Journalism++
- Industry: Datajournalism
- Founded: 2011
- Website: https://jplusplus.org/en/

= Journalism++ =

Network of service companies

Journalism++ (J++) is a network of private service companies specializing in datajournalism. Founded in 2011, it has chapters in Paris, Berlin, Stockholm, Porto, Amsterdam and Cologne.

== History ==

Journalism++ was founded in 2011 par Nicolas Kayser-Bril, Anne Lise Bouyer and Pierre Romera, three former employees of OWNI (fr), a Paris-based news website that pioneered datajournalism in France.

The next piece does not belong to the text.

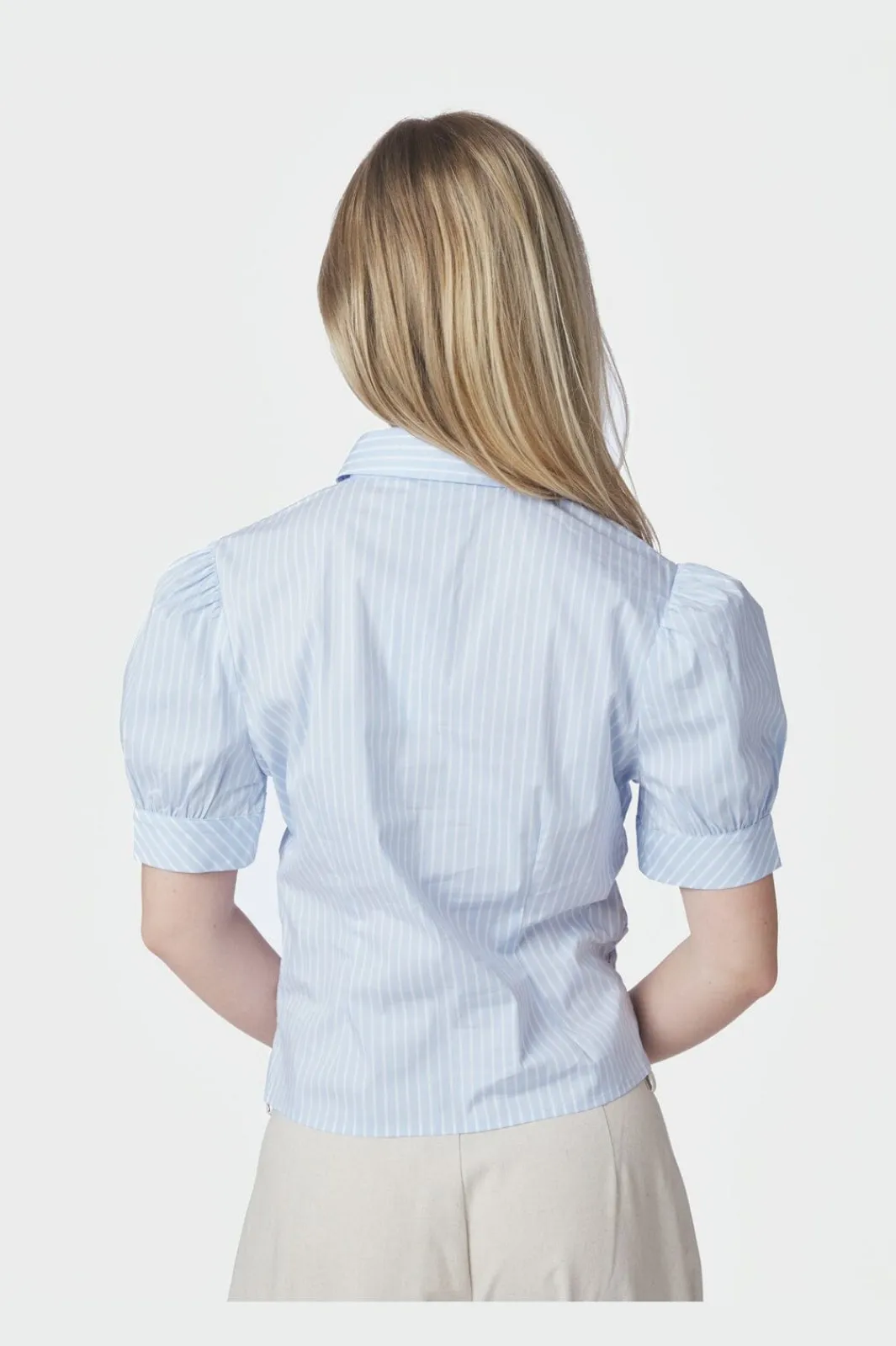 Neo Noir Nnfrannie Soft Stripe Shirt 169738 | Blusar & Skjortor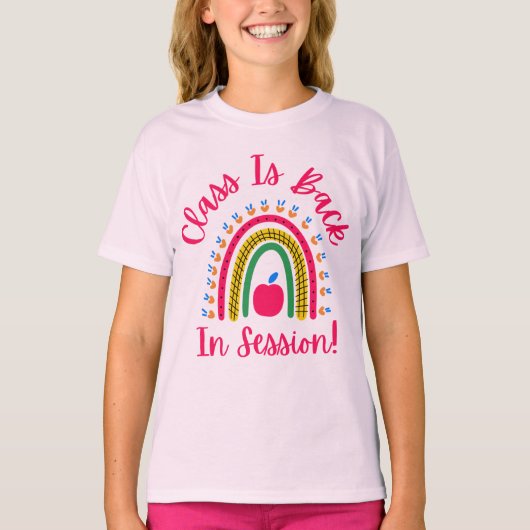 学校はセッションに戻ったかわいいTシャツ Tシャツ (正面)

Between 2013 and 2016, Journalism++ coordinated the Migrants' Files project, which aimed at measuring the number of persons who died in their attempt to reach or stay in Europe since 2000, and the cost associated with the so-called Fortress Europe policies. The project brought together 25 journalists and was published by several media outlets, notably Süddeutsche Zeitung, Libération and Český rozhlas in 2014 and 2015. The collected data served as the basis for the database of the International Organization for Migration on the same topic, which started in 2014.

== Awards ==

The Migrants' Files project was awarded the GEN Data Journalism Award in 2014 and the European Press Prize in 2015.